Women constitute around half the world’s population and their participation and contribution are a must for any country’s development. Women across the world, known for their excellent management skills in running a home, should not be dependent on men in making financial decisions involved in planning for retirement and making other investments.
Financial literacy, economic freedom and encouragement to form their own financial identity are essential aspects in the growth of girls. And if women take the financial lead in various sectors of the economy, they will give huge contributions to India’s GDP.
Women have started recognising their true potential and are doing extremely well in numerous areas such as politics, space, research, entertainment, literature and technology. Financial literacy will lift their status in society, and taking financial decisions independently may give them the confidence to take a stand against violence and sexual harassment.
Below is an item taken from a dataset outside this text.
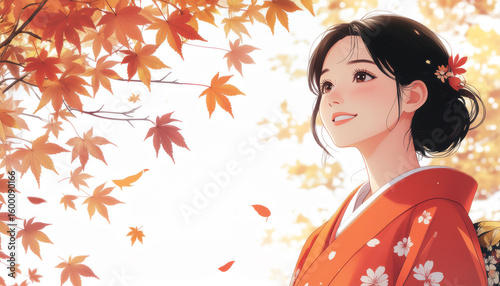 紅葉を背景にした着物のかわいい横顔の女性、イラスト素材、生成AI画像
Girls in rural areas are found to be ignorant of basic banking transactions such as cash deposits, transfer of funds to another account and use of debit cards. Financial knowledge and awareness are more widely spread among urban and highly educated women. It’s because they have more financial freedom and exposure. The governments hence must bridge the wide gap between urban and rural women in financial literacy and freedom.
Women tend to be risk-averse and prefer safe or low-risk investments such as fixed deposit, post office schemes, gold, insurance, provident fund and national saving certificate. Their decisions often revolve around the good of the family.
Though the Government of India has taken various initiatives to make women economically empowered and financially independent, more needs to be done to make them take control of their destiny.